» **ASSIGNMENT**: Starting at the first line of the data, please print exactly those lines through the one that holds "Hi, this is", omitting every picture.

=== EXERCISE MATERIALS ===

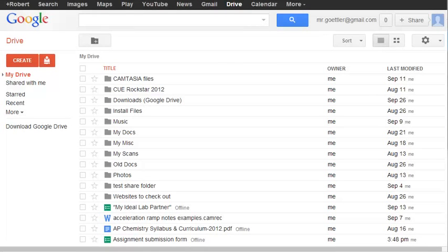Alright scholars, let's take a look at how we can use Google Spreadsheet to graph our data from our Acceleration Lab and how to import that graph into your Google Docs Lab write-up.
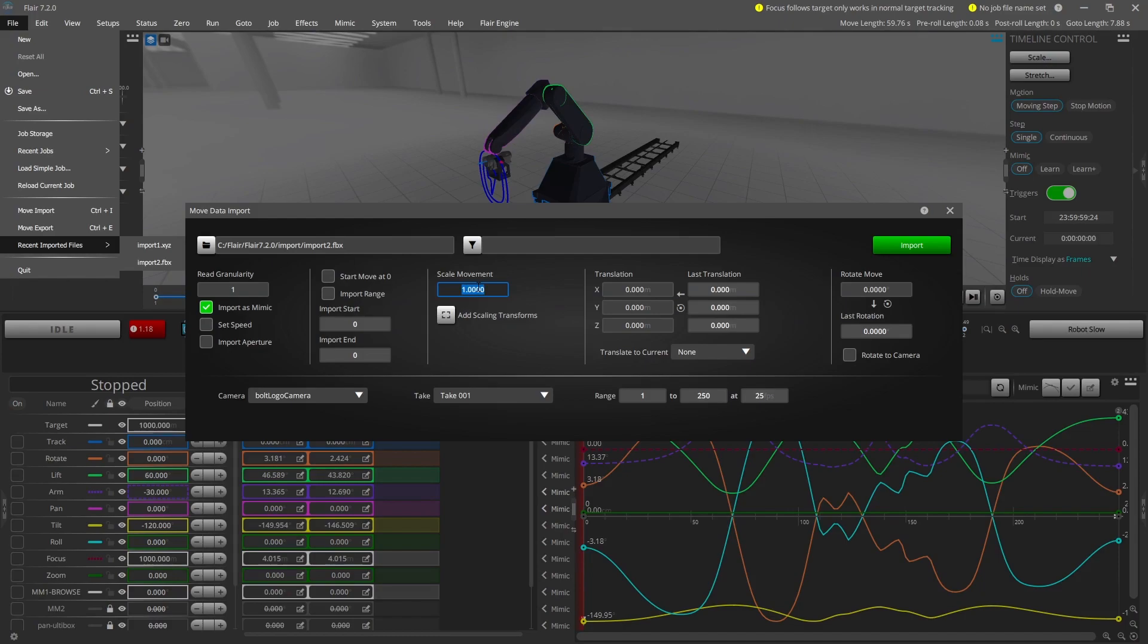Imported moves can also be scaled, translated and rotated, which is useful if the file you are importing does not match the same units or coordinate space. A scale value greater than one will scale the move up.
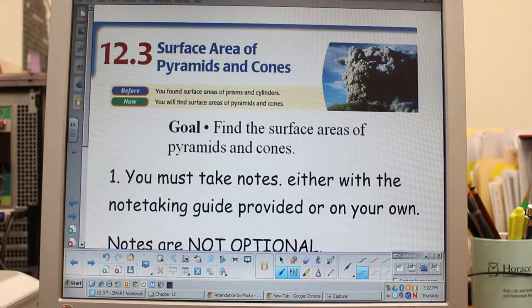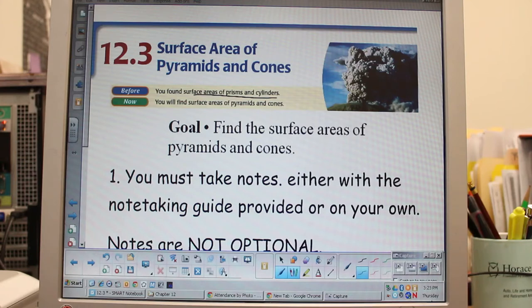Today's lesson is 12.3: Surface Area of Pyramids and Cones. Before, you found the surface area of prisms and cylinders. Today we're going to find the surface area of pyramids and cones. The goal by the end of this lesson is that you'll be able to find the surface area of pyramids and cones.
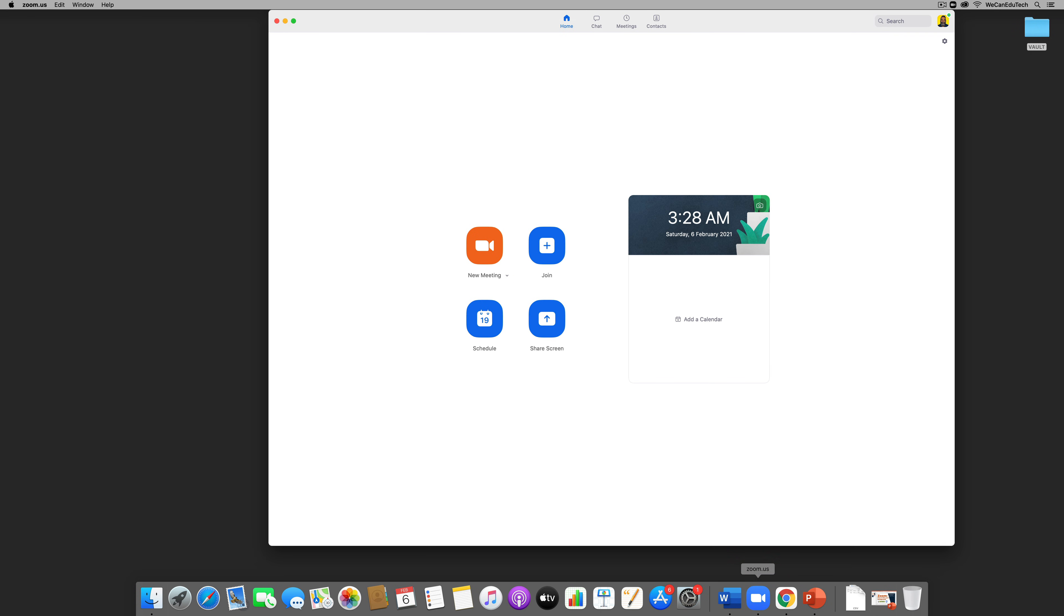So I'm going to click on the Zoom desktop client. Alright and what I'm going to do is I'm going to check for updates.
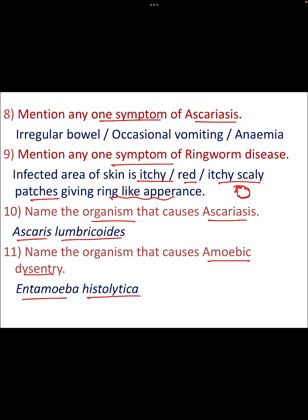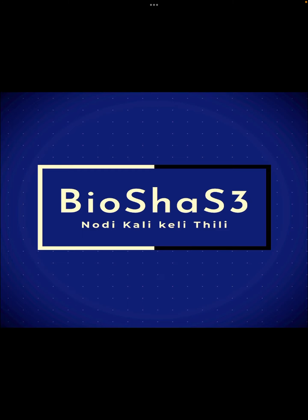It's all direct questions here — nothing to understand deeply. You just have to memorize which particular organism is causing which disease and what the symptom of the disease is. I hope this video was helpful for you.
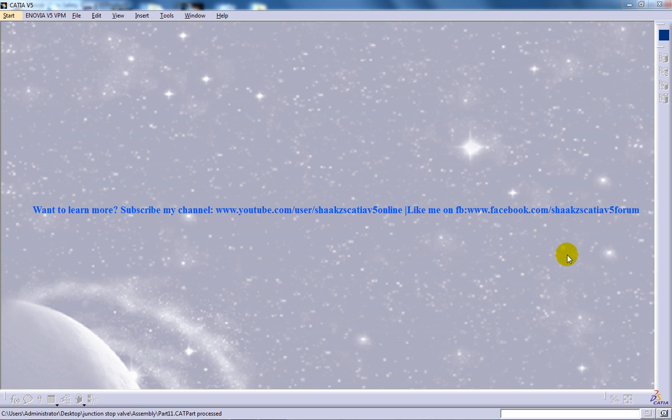Hi, this is Mohammed Shakeel here and I'm going to show how you can create a junction stop valve in the assembly design workbench in CATIA V5.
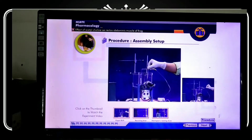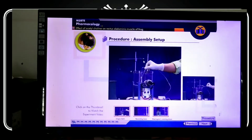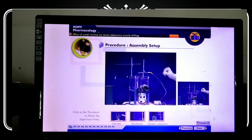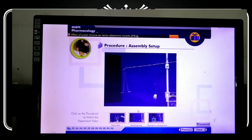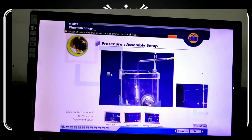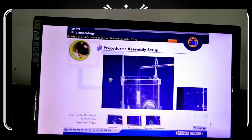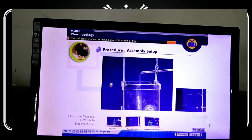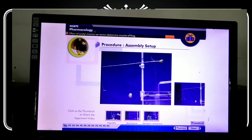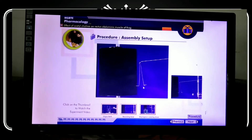This is the complete assembly — the organ bath — in which we can maintain temperature. If there is movement after the administration of the drug, it is a function of the rectus abdominis muscle. With the help of the frontal writing lever, we can record the graph of muscle movement.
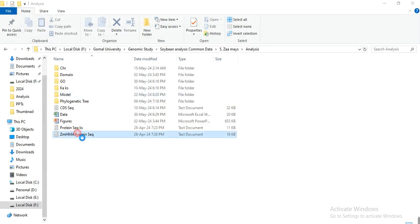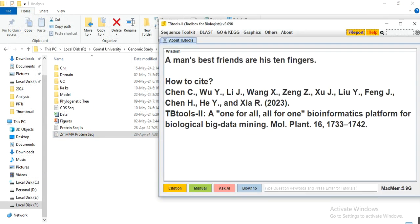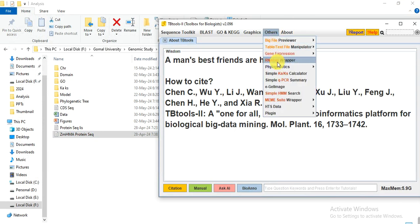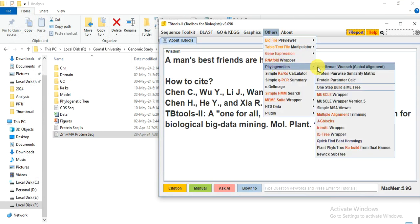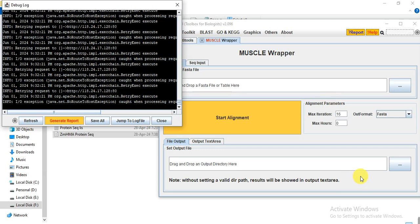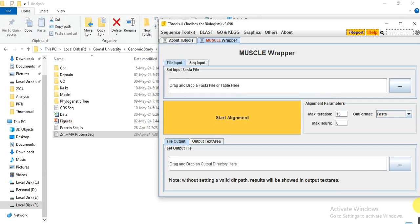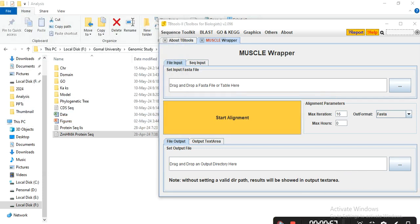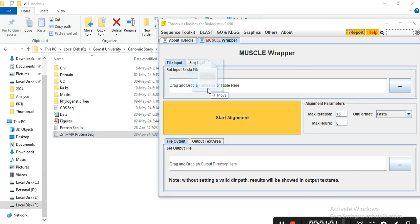First, you need to open the TB Tool, go to Others, Phylogenetic, and then MUSCLE Wrapper. Then drag this file that contains your sequences.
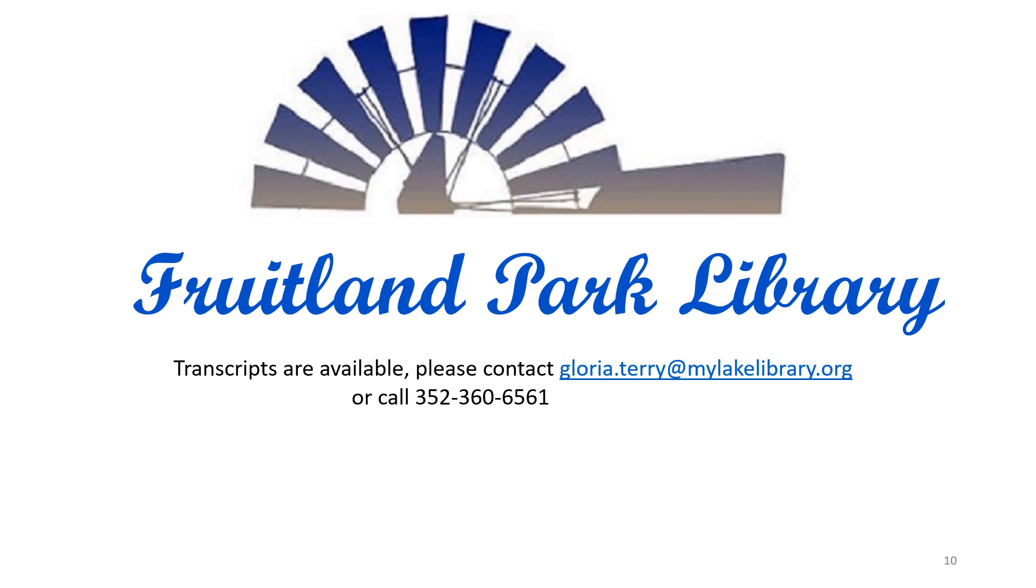Please contact Gloria Terry at MyLakeLibrary.org or call 352-360-6561.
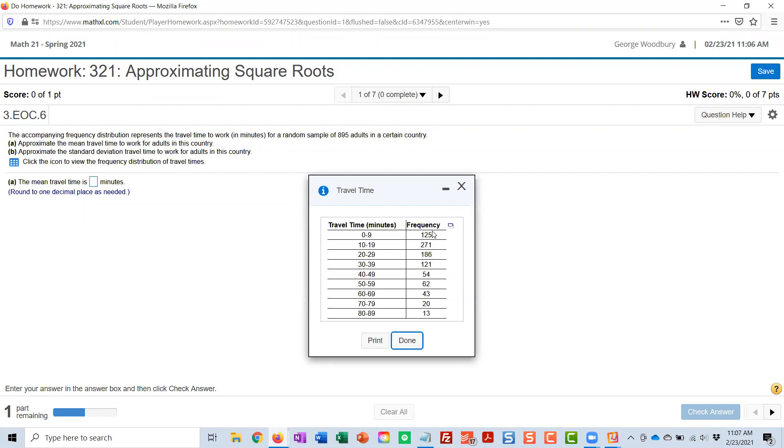So what we're going to do is we're going to list the midpoints of each class. Those will be the values, and then the frequencies, those are going to be the weights. And so let me open it in StatCrunch, and I'll show you how it goes.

===

» **SOLUTION TO THIS TASK**:
Alright scholars, let's take a look at how we can use Google Spreadsheet to graph our data from our Acceleration Lab and how to import that graph into your Google Docs Lab write-up.
Imported moves can also be scaled, translated and rotated, which is useful if the file you are importing does not match the same units or coordinate space. A scale value greater than one will scale the move up.
Today's lesson is 12.3: Surface Area of Pyramids and Cones. Before, you found the surface area of prisms and cylinders. Today we're going to find the surface area of pyramids and cones. The goal by the end of this lesson is that you'll be able to find the surface area of pyramids and cones.
So I'm going to click on the Zoom desktop client. Alright and what I'm going to do is I'm going to check for updates.
It's all direct questions here — nothing to understand deeply. You just have to memorize which particular organism is causing which disease and what the symptom of the disease is. I hope this video was helpful for you.
Hi, this is Mohammed Shakeel here and I'm going to show how you can create a junction stop valve in the assembly design workbench in CATIA V5.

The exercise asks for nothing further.